# Problem description
Show each line of the records in which the word "Picture" occurs.

# Data excerpts
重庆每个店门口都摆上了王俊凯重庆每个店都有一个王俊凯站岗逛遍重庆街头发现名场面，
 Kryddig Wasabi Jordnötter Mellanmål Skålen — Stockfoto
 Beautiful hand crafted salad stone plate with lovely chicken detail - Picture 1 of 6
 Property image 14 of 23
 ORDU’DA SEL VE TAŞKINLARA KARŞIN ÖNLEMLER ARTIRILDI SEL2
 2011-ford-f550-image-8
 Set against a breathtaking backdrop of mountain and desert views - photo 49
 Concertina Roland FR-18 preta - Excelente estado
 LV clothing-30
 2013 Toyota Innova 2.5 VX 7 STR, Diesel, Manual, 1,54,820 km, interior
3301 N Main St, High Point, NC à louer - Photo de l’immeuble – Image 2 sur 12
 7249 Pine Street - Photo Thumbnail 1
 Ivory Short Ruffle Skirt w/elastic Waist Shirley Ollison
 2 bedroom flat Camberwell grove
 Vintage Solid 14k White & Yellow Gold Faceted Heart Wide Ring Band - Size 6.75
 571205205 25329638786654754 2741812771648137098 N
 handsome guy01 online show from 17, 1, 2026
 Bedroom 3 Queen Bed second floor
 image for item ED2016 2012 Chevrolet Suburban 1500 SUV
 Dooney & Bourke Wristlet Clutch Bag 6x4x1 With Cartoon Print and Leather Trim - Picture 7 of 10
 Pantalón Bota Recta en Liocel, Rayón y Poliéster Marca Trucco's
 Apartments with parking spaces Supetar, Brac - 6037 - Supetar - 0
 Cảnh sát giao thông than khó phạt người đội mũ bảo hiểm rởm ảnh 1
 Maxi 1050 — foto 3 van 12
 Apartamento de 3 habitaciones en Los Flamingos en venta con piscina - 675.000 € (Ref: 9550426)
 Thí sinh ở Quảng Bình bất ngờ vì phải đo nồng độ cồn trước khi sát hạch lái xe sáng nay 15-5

# Task result
 Beautiful hand crafted salad stone plate with lovely chicken detail - Picture 1 of 6
 Dooney & Bourke Wristlet Clutch Bag 6x4x1 With Cartoon Print and Leather Trim - Picture 7 of 10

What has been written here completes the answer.